PROBLEM TO WORK ON:
Every line of the listing below should come back exactly as written, with no images.

Start of RAW DATA

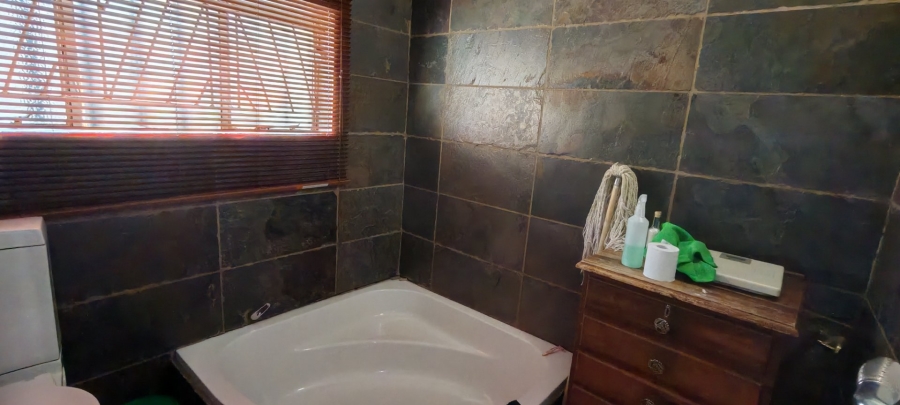 5 Bedroom Property for Sale in Laudium Gauteng
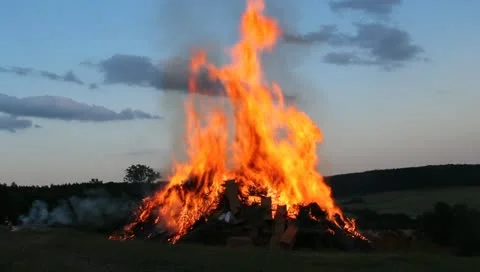 Big Fire Elements - Beginning Rising Fire Stock Footage 11285181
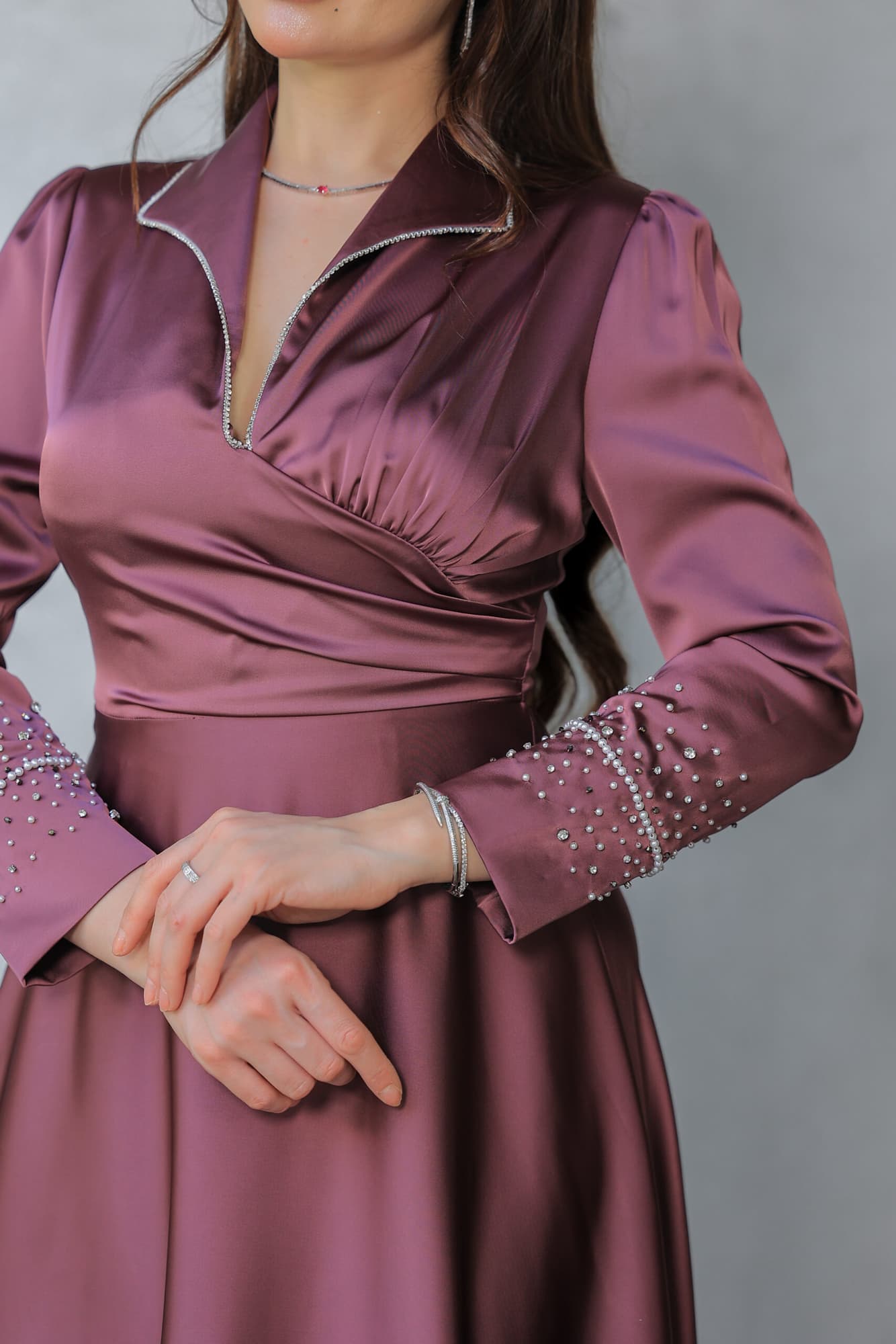 فستان أنيق مصنوع من قماش الساتان يتميز بتصميم كلاسيكي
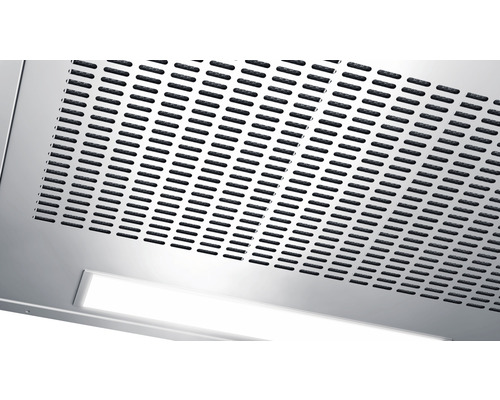 Detailansicht einer Dunstabzugshaube mit LED-Beleuchtung und perforierter Oberfläche.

End of RAW DATA

ANSWER TO THIS TASK:
 5 Bedroom Property for Sale in Laudium Gauteng
 Big Fire Elements - Beginning Rising Fire Stock Footage 11285181
 فستان أنيق مصنوع من قماش الساتان يتميز بتصميم كلاسيكي
 Detailansicht einer Dunstabzugshaube mit LED-Beleuchtung und perforierter Oberfläche.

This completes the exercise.